モーツァルトの時代の小さめのオーケストラでも、スコアには10段前後のパートが並ぶ事になります。もっと時代が下ってリヒャルト・シュトラウスやエルガーの大編成のオーケストラになると、25段前後のパートが並ぶ事も少なくありません。
パートが増えれば増えるほど、どの楽器のパッセージなのかを把握するのも一苦労するかもしれませんが、五線の並び順の基本ルールを知っておくと、楽譜の全貌をつかみやすくなるかもしれませんよ。

オーケストラ曲では、楽器はグループごとにまとめられる決まりになっています。

1.木管楽器(フルート族、オーボエ族、クラリネット族、ファゴット族)
2.金管楽器(ホルン、トランペット、トロンボーン、テューバ)
3.打楽器(ティンパニ、その他の打楽器)
4.ハープ、鍵盤楽器(ピアノやチェレスタ、チェンバロ)
【5.声楽・合唱】
6.独奏楽器
7.弦楽器(ヴァイオリン、ヴィオラ、チェロ、コントラバス)

基本的にはこういう順番に並ぶ事になっています。ただし5.の声楽・合唱だけは、ハープや鍵盤楽器の下に書く新式の書き方と、ヴィオラとチェロの間に書く旧式の書き方があるので一概には言えません。
だいたい、上記の順番に沿って、もちろん使われないパートは省かれて五線が並んでいます。

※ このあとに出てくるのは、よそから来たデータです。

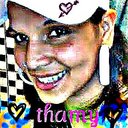 tamara alexandre - @estrelatamara - Twitter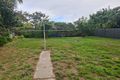 Property photo of 3 Hibiscus Avenue Redcliffe QLD 4020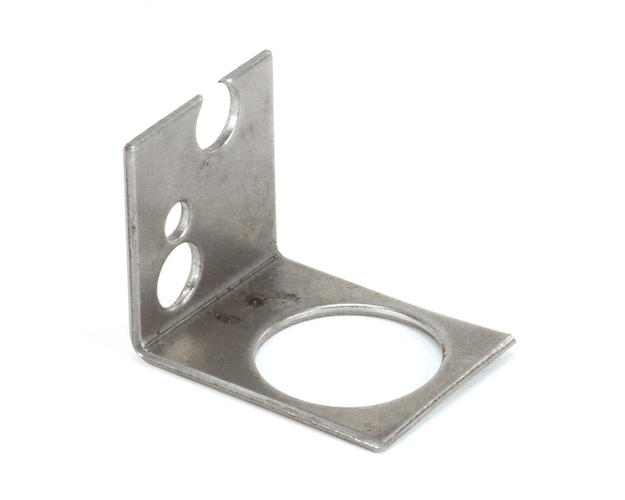 MONTAGUE PARTS 3488-6 - SKU MON3488-6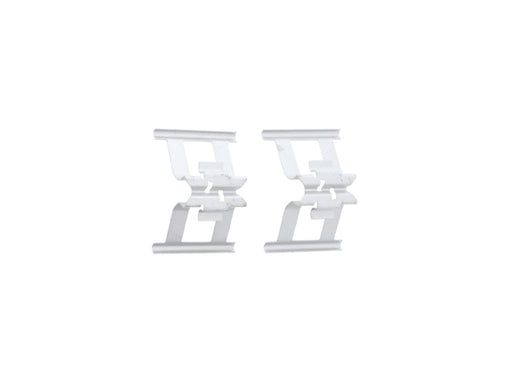 ATE Brake Pad Spring Clip - 610508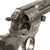 Original French MAS Modèle 1873 Chamelot-Delvigne 11mm Revolver Dated 1884, Matching Serial No. J 22617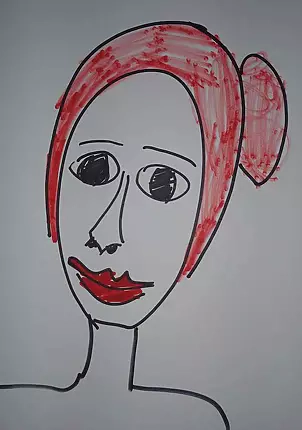 Szymon Wojtak - bez tytułu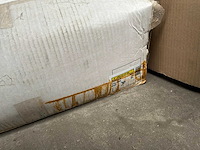 Regen/werk kleding (broek) (100x) - afbeelding 6 van  6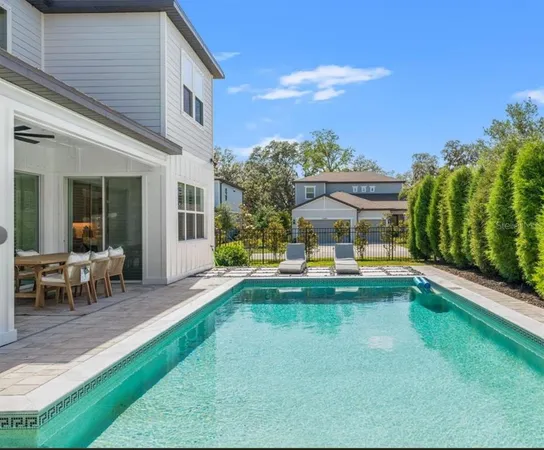 $995,900 | 13859 Sharp Hawk Drive, Riverview, FL 33569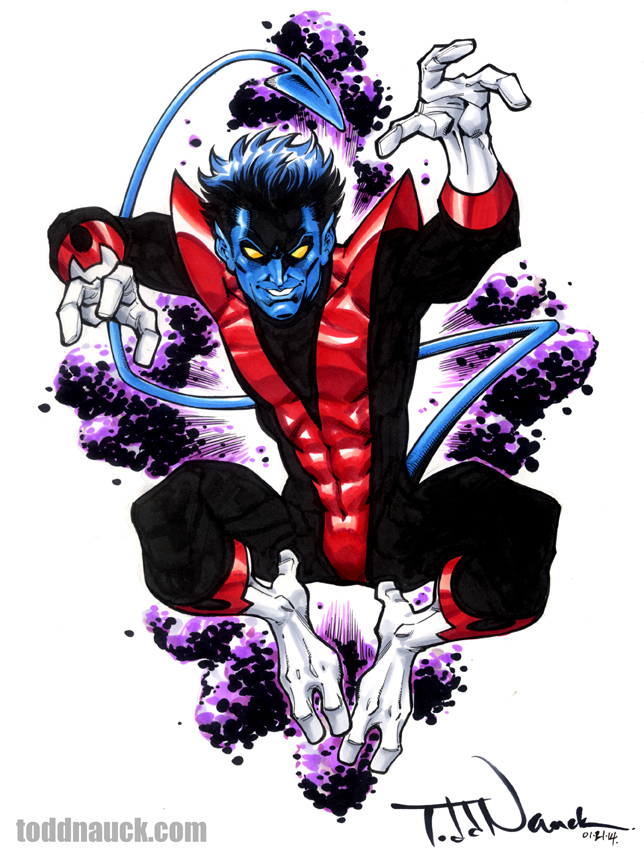 PPJJ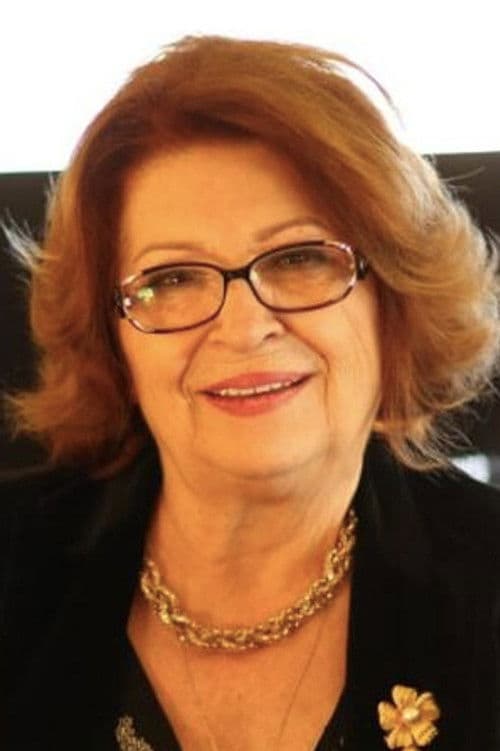 Gülseren Budayıcıoğlu profile photo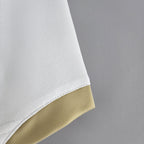 Camisa Retrô Manchester United II 2006 Masculina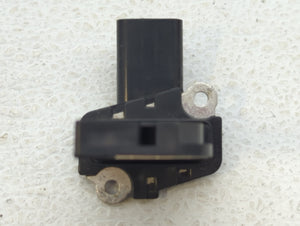 2012-2018 Ford Focus Mass Air Flow Meter Maf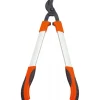 Stocker Troncarami Profi 60 cm Bypass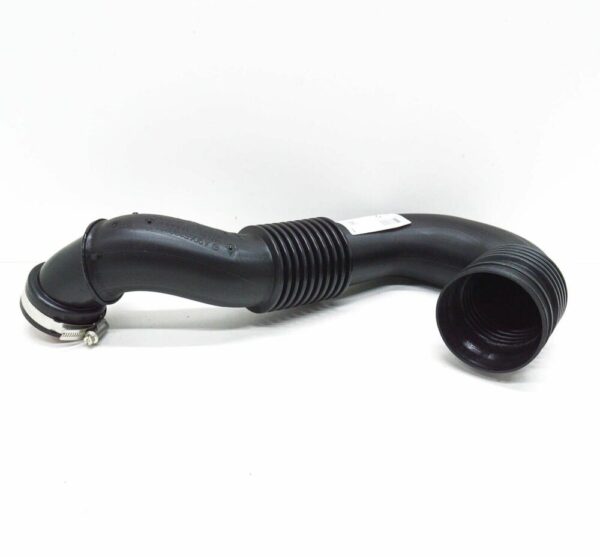 A9065280224 - NEW MERCEDES BENZ SPRINTER W906 AIR INTAKE HOSE A9065280224
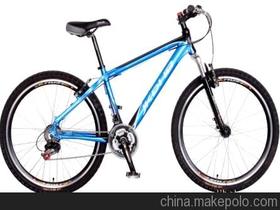 铝合金自行车零件价格 铝合金自行车零件批发 铝合金自行车零件厂家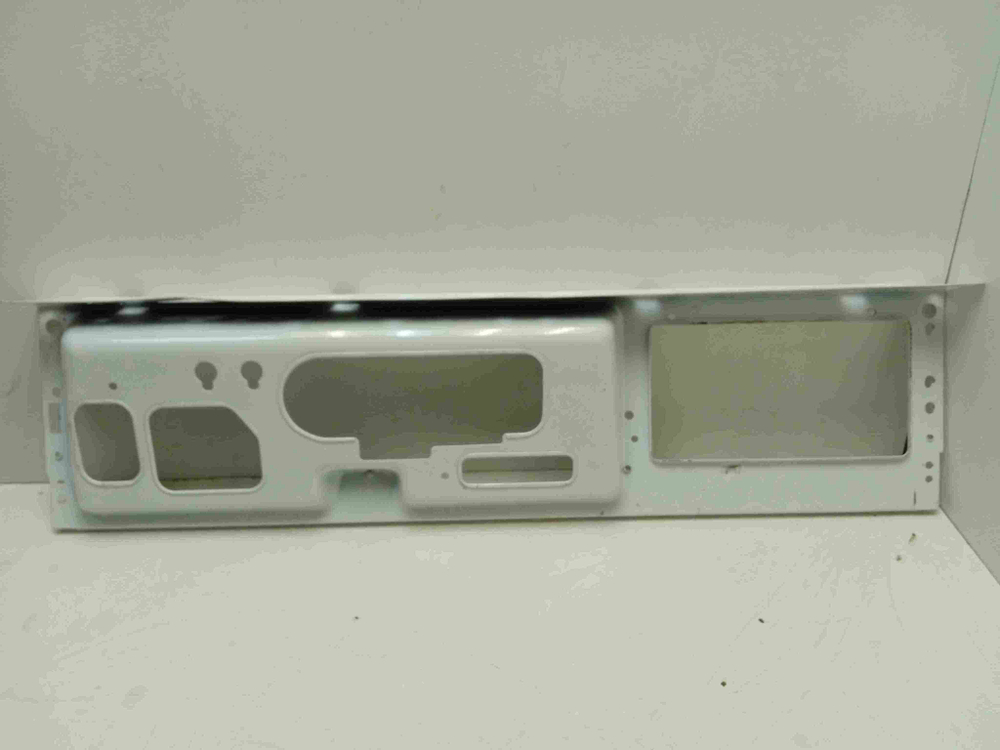 F1015J кт203 Панель усилитель для стиральной машины Samsung F1015J б/у
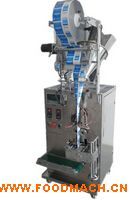 ߅��۰��b�C(j��)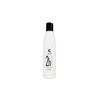 pHormulate 2h hydrating conditioner 8 oz.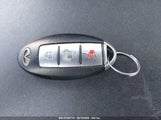 INFINITI FX35 JNRAS18W19M****** снимка
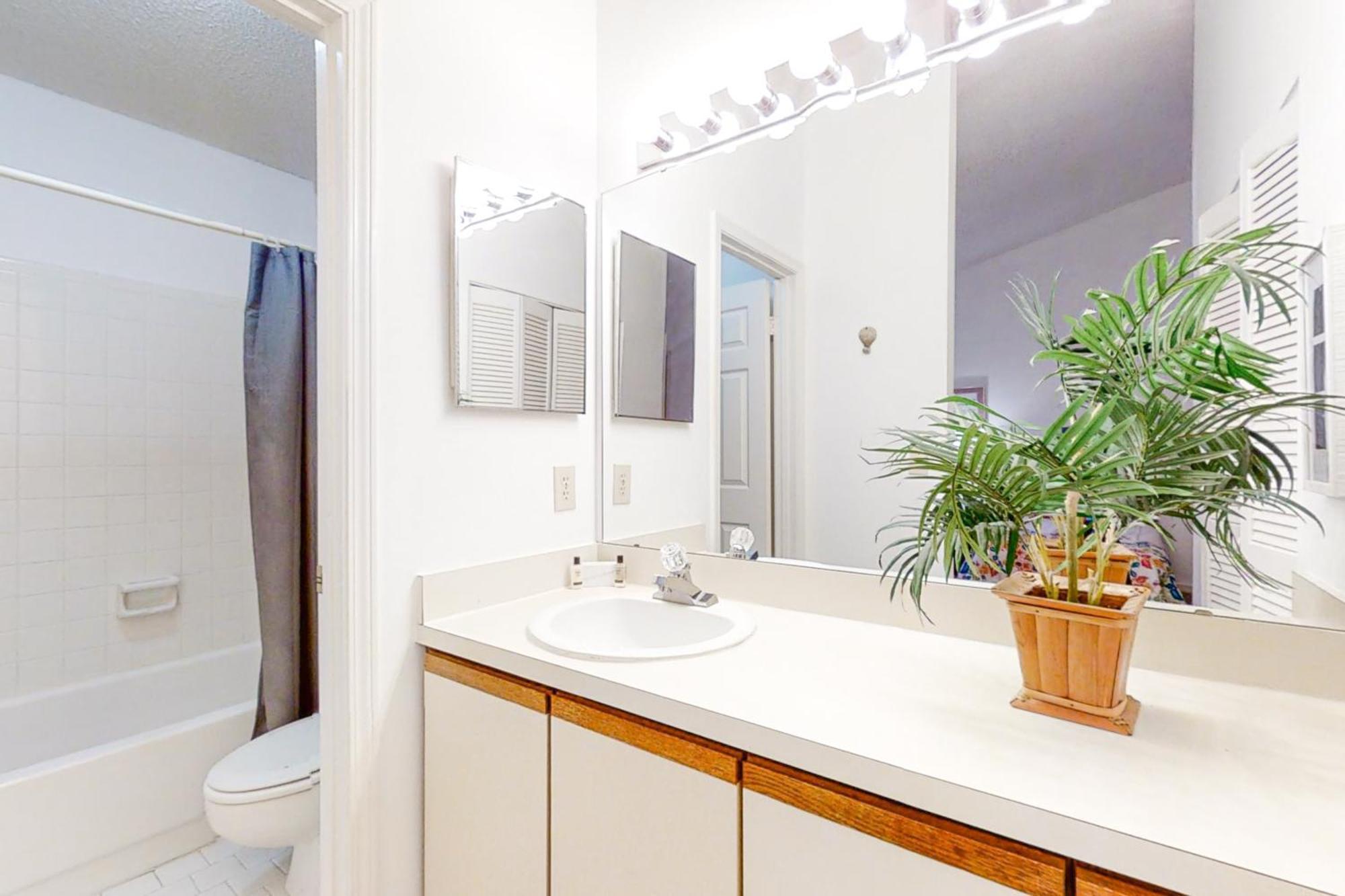 504 Sailmaker Villa Fernandina Beach Ngoại thất bức ảnh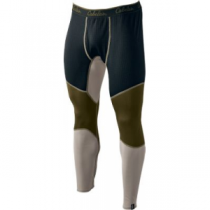 Thermal Underwear Thermal Pants Shirts Hunting Apparel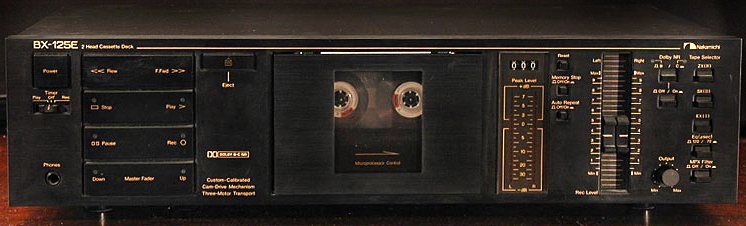 nakamichi-125e.jpg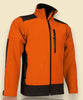Softshell Jacket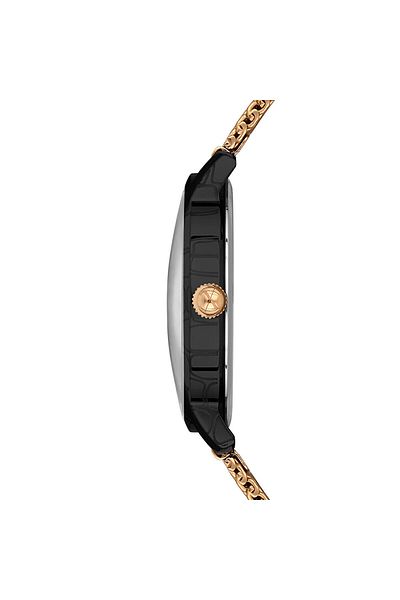 Milano X Change Mex1181 Women's Wristwatch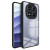 Чехол - накладка TPU Go Boy Case для Xiaomi Poco X7 / Redmi Note 14 Pro 5G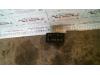 Gebruikte Relais Mercedes 260SE-600SEL O105111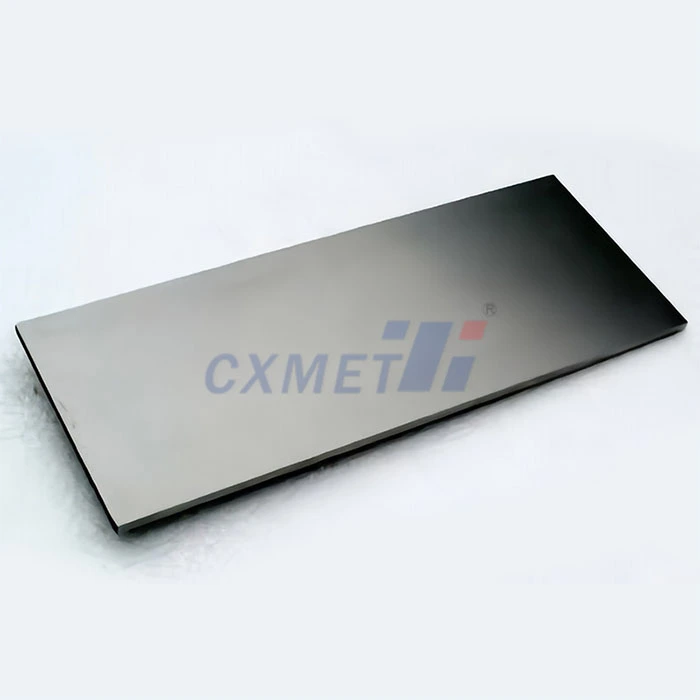 pepala la tungsten ogulitsa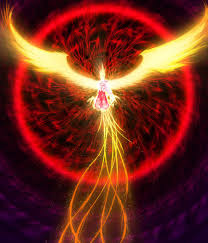 fujiwara no mokou touhou image 221034 zerochan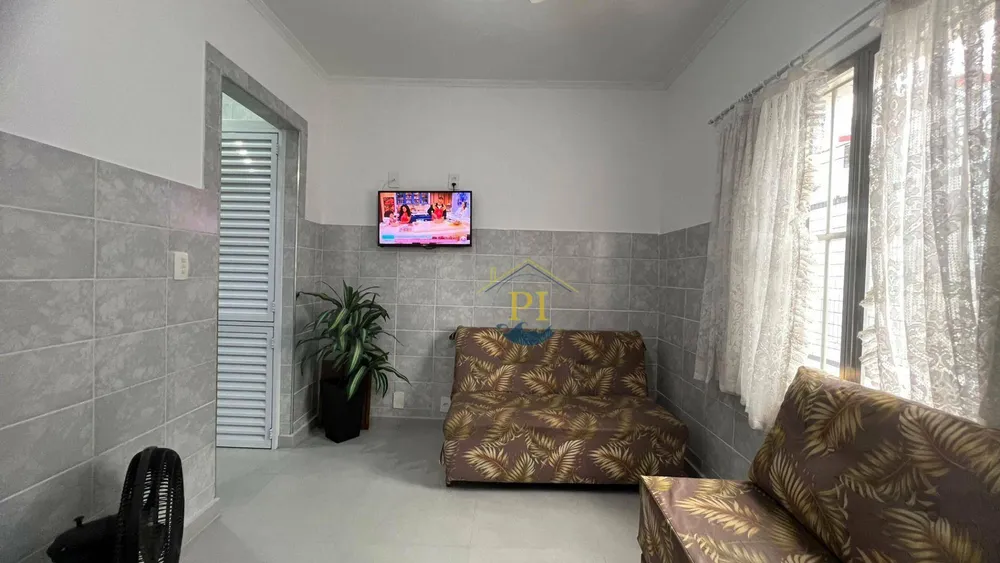 Casa de Condomínio, 1 quarto - Foto 3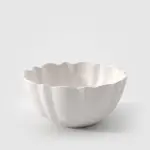 villeroy & boch piatto segnaposto collezione toy's delight royal classic (copia)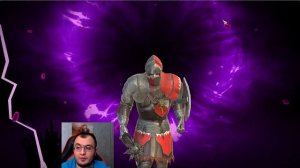 83+ сакрала | Х2 Сакралы | Raid Shadow Legends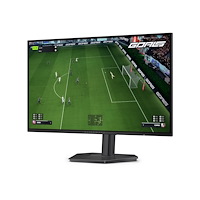 DELL Alienware AW2726DL - LED-skärm - 27" - HDR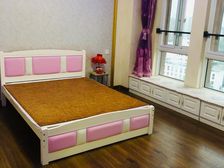 丰县 招商财富城 2室1厅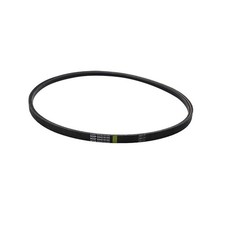 Husqvarna Genuine OEM Drive Belt - 584216102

各楽器群の中では、基本的には高音楽器を上に書いて、低音楽器を下に書いて、さらには奏者の順番に従って並べる決まりになっています。
アレ?ホルンは?クラリネットは?と思ったあなたは鋭いです。

ホルンはトランペットよりも音の低い楽器ですが、木管楽器と金管楽器の音色をつなぐ役割があるので、木管楽器寄りに置かれる事になって、その結果上にホルンを書いて、その下にトランペットを書くようになりました。

クラリネットはオーボエと同じか、それ以上の高音が出せますが、オーボエには出せない低音が出せます。それで、木管楽器はフルート・オーボエ・クラリネット・ファゴットの順番に並ぶ事になったのです。

こうした五線配列の工夫があって、楽譜を把握しやすくなっていますが、それだけでは不十分。古い楽譜の書き方だと、上から下の五線までを一本の小節線で貫いていたのですが、時代が下り、だんだんオーケストラに使われる楽器が増えるのに伴って、さらに楽器群ごとに区切って小節線を引くようになり、さらには五線の左端のカッコも楽器群ごとに区別するようになってきました。

この工夫のおかげで、パッと見た時にどのあたりがどんな楽器なのか、離れた位置からでもグループ分けが認識できるようになっているんですよ。


だけどご注意を。このルールは、ソロ楽器とピアノの2重奏などには適用されません。このルールに従って書くと、ヴァイオリンソナタをピアノ、ヴァイオリンの順番に書く事になってしまいますからね。
ピアノやハープを含む室内楽の場合は、ピアノやハープを最下段に持ってくるのがお約束、という事になっています。
でも、オーケストラ曲の中で一時的にピアノとヴァイオリンソロが2重奏する、という場合には、ピアノの下にヴァイオリンが書かれる事になります。

なかなか入り組んで複雑かもしれませんが、ルールを知っておくと楽譜の全体像を把握するのに便利ですよ。